The regeneration of lymphatic vessels was observed by Clark and Clark already in 1932. However, expertise in therapeutic lymphangiogenesis is just emerging (Karkkainen et al. 2001). Several recent papers have been shown that in angiogenic therapy the balance between harm and help is not trivial (Masaki et al. 2002) and the use of single molecules is likely to be insufficient (Richardson et al. 2001). Influencing the molecular decision makers such as Hypoxia-inducible factor-1 (HIF-1) instead of the effector molecules such as VEGF might be easier than the futile attempt to mimic the temporally and spatially complex growth factor cocktail of mother nature (Vincent et al. 2000; Elson et al. 2001).

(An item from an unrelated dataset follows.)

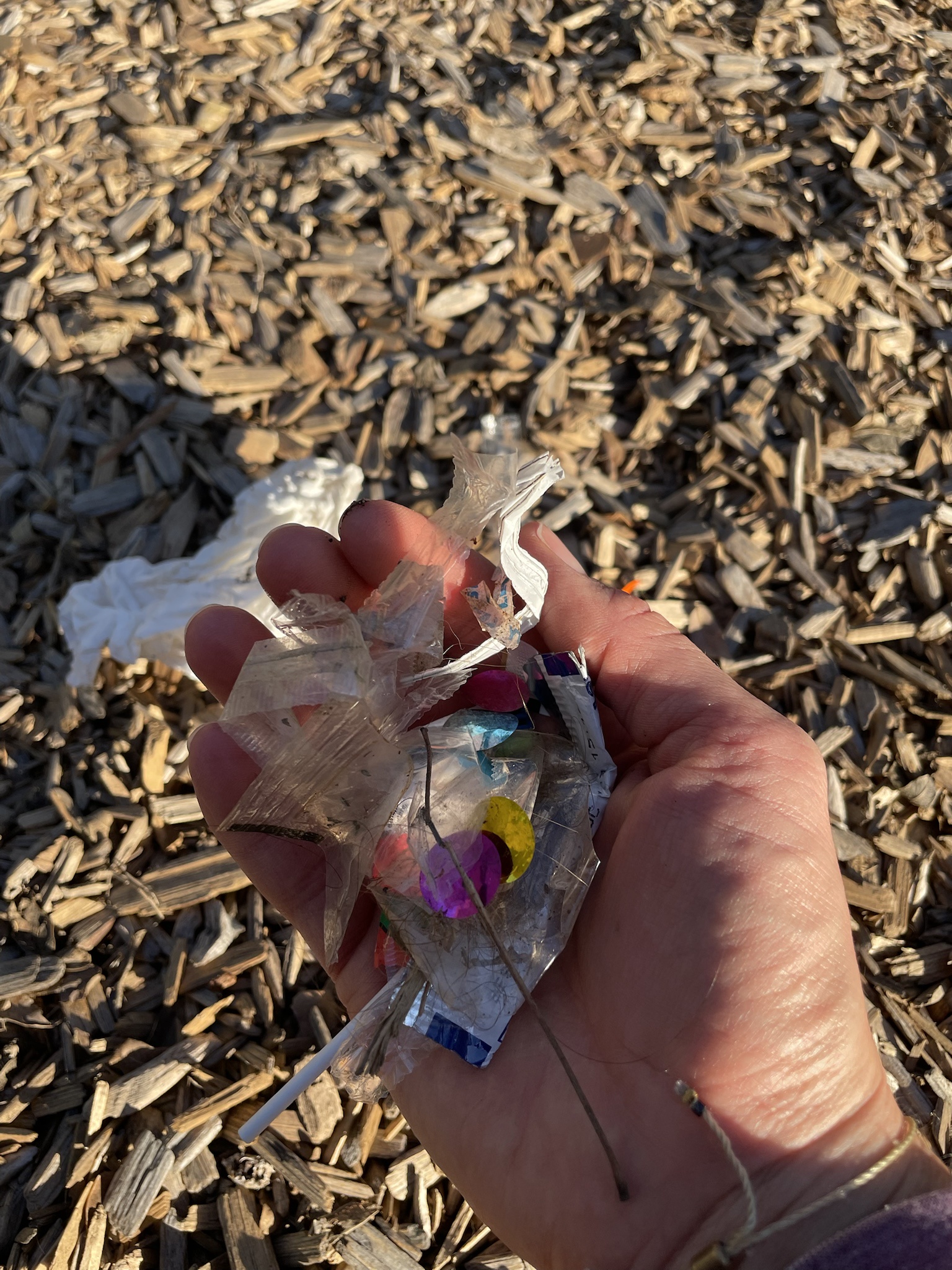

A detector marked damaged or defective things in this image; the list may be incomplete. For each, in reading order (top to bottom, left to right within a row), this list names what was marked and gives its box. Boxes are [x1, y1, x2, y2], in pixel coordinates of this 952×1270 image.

torn foil wrapper [213, 439, 617, 1081] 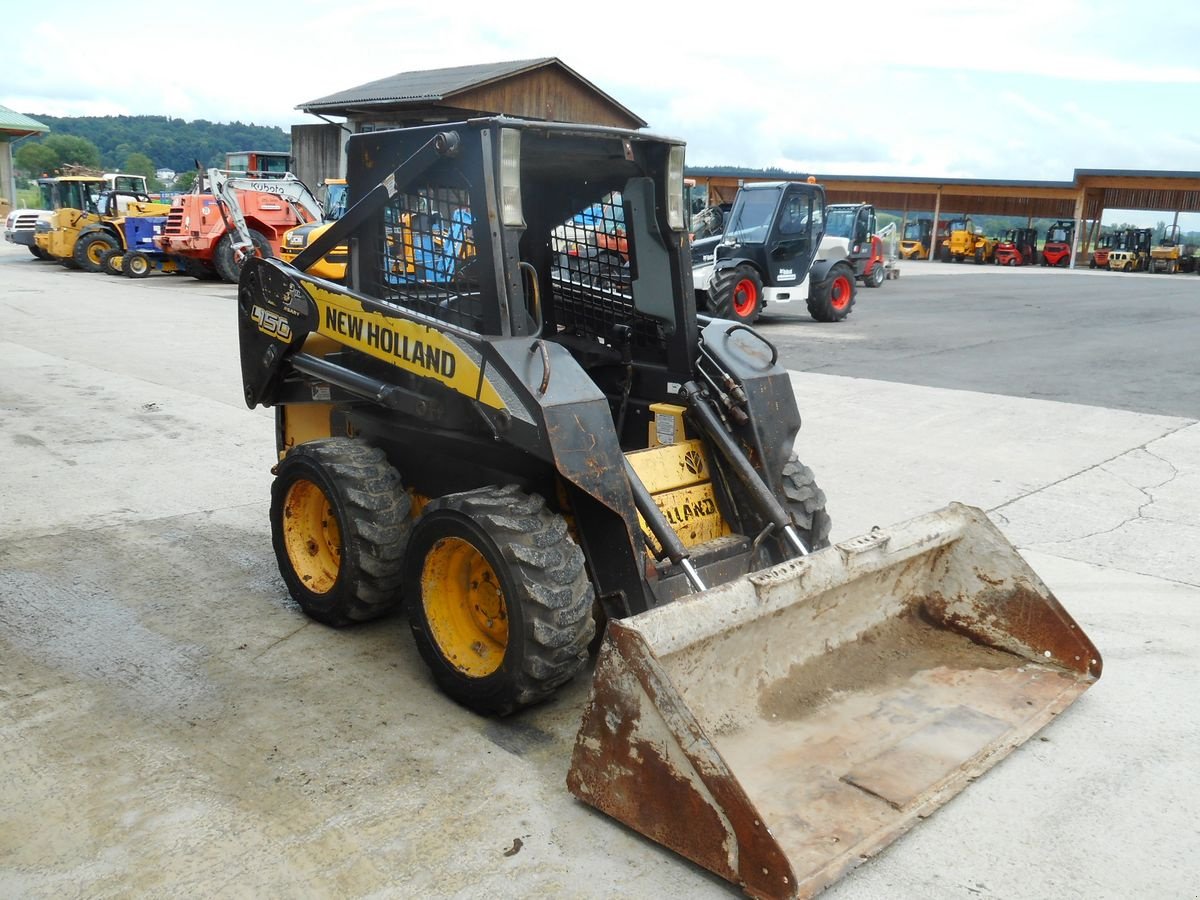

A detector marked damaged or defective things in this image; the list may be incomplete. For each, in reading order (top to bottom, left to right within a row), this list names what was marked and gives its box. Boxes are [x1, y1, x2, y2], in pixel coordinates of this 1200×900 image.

rusty bucket [566, 504, 1099, 897]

Whichever pro-angiogenic therapy, it is possible that pro-angiogenic or pro-lymphangiogenic therapy leads to accelerated cancer progression and metastasis.
So far no good animal model has been developed for aquired lymphedema, but a mouse model of hereditary lymphedema does exist: the Chy mouse. Chy mice carry a mutant Vegfr-3 allel coding for a kinase-dead receptor. In this model VEGF-C was used to compensate for insufficient VEGFR-3 signaling. This resulted in the growth of new functional lymphatics (Karkkainen et al. 2001). It is not clear why VEGF-C does induce lymphatic sprouting in these mice, but fails to do so in the keratin-14 VEGF-C transgenic mice. The VEGF-C transgenic mice were edematous, indicating that also too much VEGFR-3 signaling can impair lymphatic function (I). From the visceral lymphatics in the Chy mouse, only the lacteals are aplastic although the VEGFR-3 mutation is assumed to be dominant negative in all lymphatic endothelial cells and there is circumstantial evidence that lymphangiogenesis might occur independently of VEGFR-3 activation (Taija Makinen, personal communication). Thus many molecular players are still to be identified. In conclusion, therapeutic modulation of vascular growth in pathologic conditions represents the major challenge in the fields of both angiogenesis and lymphangiogenesis.